„Elektra“ im Malersaal der Schauspielhauses Hamburg

Von Hans-Peter Kurr

 Elektra – verdichtet, Junges Schauspielhaus: Uraufführung von Nino Haratischwili

Angelina Häntsch

Agamemnons, des Siegers der Schlacht vor Troja, Tochter Elektra ist nicht nur eine zentrale Figur der antiken Mythologie und steht als solche im Mittelpunkt von Dramen der zwei größten Theaterdichter des griechischen Altertums, Sophokles und Euripides, sondern beschäftigte Schreiber und Komponisten quer durch die Zeiten der Menschheitsgeschichte. So inspirierte sie zum Beispiel den Amerikaner Eugene O’Neill, den Franzosen Jean Giraudoux, die Deutschen Gerhart Hauptmann, und Richard Strauss oder den Griechen Theodorakis, um nur einige aus der Perlenkette der Grossen zu nennen, denen sich  nunmehr die in Hamburg lebende, georgische Autorin Nino Haratischwili auf beachtlichem Niveau angeschlossen hat:

 

Im Malersaal des Schauspielhauses wurde ihre „Elektra“ in Klaus Schumachers intelligenter Inszenierung uraufgeführt. Die junge Regisseurin und Theaterschreiberin erzählt die an sich – nicht nur Humanisten – sattsam bekannte Geschichte auf ungewöhnliche Weise und wirkt geschickt der heute häufig anzutreffenden Marotte entgegen, klassische Stoffe zu „modernisieren“…..mithilfe äusserer Mittel. Nein, Haratischwili erzielt ihre besondere Wirkung für uns Heutige dramaturgisch:

 

Agamemnon, König von Mykene, oberster Kriegsherr der Griechen bei deren durchaus sinnlosen Krieg gegen Troja, lebt in der Erinnerung zweier Kinder, Theo (Von der Autorin offenbar anstelle der allzu oft in der Literatur gestalteten Schwester Iphigenie erfunden?) und Elektra, die seine Gattin Klytaimnestra ( Hinreissend fraulich: Christine Ochsenhofer) ihm geboren hat, als milder Vater und nobler Menschenfreund. Ihrer beider Bruder Orestes (Tolle Charakterstudie: Florens Schmidt) -bereits im Mannesalter- zog mit dem Vater in den Krieg und stand in  Homers berühmten zehn Jahren bis zum Sturz der trojanischen Feste durch odysseische List jenem als Mörder und Kriegsverbrecher nicht nach.

 

Elektra, die davon nichts weiß, ersehnt Orestes’ Rückkehr in Erinnerung an die gemeinsamen Jugendjahre, in deren Verlauf die Königskinder einander schworen, später eine sozial gerechte Welt und Gesellschaft zu begründen, in der der neue Liebhaber der Mutter, der Tantalide ,Diktator und Ausbeuter  Aighistos (Zuverlässig wie stets: Hermann Book), keinen Platz haben sollte. Darüberhinaus glaubt diese Elektra, jener habe – gemeinsam mit ihrer Mutter – den früher zurückgekehrten Vater ermordet.Aber nun kommt es, wie stets in Tragödien, in denen Götter die Lenker sind, unerwartet anders:

Orestes kehrt nach langem Lazarettaufenthalt als Neurotiker und Alkoholiker in die mykenische Heimat zurück und ist daher zur Duchführung der Rachepläne seiner jungen Schwester nicht mehr einsetzbar.

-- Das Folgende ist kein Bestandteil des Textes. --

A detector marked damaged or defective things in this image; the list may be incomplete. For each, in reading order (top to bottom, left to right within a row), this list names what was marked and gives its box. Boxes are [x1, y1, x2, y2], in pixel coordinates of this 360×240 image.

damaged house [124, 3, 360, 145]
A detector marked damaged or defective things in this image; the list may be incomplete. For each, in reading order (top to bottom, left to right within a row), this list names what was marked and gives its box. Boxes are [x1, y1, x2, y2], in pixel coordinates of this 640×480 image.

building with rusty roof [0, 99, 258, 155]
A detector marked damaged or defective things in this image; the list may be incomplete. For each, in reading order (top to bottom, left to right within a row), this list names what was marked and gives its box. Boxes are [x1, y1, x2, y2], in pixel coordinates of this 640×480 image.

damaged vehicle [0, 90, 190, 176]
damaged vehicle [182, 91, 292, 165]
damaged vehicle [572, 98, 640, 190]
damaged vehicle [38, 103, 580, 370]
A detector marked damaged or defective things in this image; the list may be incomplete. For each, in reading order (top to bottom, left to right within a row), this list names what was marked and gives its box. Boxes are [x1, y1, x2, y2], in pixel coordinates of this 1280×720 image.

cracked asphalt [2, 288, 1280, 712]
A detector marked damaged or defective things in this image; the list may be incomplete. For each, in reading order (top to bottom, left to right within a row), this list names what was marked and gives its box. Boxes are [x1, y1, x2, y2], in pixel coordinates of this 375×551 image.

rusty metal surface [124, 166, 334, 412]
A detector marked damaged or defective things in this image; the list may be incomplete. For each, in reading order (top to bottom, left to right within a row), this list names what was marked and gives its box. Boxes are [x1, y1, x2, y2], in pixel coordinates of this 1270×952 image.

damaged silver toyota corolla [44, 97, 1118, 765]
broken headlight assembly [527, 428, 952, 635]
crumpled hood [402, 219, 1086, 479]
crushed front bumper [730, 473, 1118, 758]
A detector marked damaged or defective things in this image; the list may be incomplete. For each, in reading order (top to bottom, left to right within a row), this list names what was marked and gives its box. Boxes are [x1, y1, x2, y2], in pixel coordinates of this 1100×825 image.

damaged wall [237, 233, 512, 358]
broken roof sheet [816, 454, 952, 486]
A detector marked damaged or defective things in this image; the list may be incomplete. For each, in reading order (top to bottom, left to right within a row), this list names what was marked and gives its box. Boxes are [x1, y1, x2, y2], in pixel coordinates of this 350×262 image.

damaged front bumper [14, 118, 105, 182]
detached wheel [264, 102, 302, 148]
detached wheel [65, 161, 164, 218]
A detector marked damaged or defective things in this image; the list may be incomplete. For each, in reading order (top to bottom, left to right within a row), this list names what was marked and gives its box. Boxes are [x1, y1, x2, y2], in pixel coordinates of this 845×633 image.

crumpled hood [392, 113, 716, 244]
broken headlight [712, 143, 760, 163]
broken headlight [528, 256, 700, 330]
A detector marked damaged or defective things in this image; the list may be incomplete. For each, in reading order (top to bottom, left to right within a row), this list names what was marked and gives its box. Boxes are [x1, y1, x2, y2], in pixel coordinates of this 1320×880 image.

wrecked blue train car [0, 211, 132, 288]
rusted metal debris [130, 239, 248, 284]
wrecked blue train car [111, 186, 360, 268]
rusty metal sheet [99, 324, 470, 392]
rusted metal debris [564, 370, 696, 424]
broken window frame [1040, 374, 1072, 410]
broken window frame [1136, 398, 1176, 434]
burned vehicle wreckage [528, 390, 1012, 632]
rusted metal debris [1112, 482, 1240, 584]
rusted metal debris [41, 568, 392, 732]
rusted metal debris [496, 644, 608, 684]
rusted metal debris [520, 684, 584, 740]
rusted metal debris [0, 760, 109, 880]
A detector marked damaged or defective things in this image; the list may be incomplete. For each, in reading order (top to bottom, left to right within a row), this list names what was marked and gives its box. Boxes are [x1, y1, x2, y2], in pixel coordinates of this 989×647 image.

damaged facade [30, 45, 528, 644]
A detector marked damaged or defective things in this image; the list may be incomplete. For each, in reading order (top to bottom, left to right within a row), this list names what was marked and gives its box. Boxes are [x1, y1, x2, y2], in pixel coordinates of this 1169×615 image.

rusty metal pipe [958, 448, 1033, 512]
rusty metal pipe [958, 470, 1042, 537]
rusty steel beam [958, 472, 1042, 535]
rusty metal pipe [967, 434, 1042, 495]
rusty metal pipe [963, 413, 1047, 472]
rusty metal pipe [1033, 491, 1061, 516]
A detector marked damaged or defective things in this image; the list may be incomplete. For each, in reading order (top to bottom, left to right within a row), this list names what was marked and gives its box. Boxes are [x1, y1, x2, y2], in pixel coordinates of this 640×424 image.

Katharina Lütten, Angelina Häntsch

Zur Begründung dieser Situation führt unsere junge Autorin erst jetzt eine neue Figur ein: Polyxena (Sehr präsent: Katharina Lütten), in der altgriechischen Mythologie bekannt als Tochter des trojanischen Königs Priamos und also Schwester der Seherin Kassandra, verliebt sich – anders als bei Homer – nicht in den strahlenden Helden Achill, sondern in das Psychowrack Orestes und begleitet jenen, den sie als Lazarettschwester lange gepflegt hat, nach Mykene, in die Stadt desjenigen Königs also, der von den Trojanern für alle mit dem zehnjährigen Krieg zusammenhängenden Grausamkeiten verantwortlich gemacht. Auch sie will Rache.

 

Agamemnon – das erfahren wir geschickterweise erst jetzt – hat sich bald nach seiner Rückkehr nach dem Genuss von drei Flaschen Schnaps die Pulsadern aufgeschnitten und ist folgerichtig verblutet.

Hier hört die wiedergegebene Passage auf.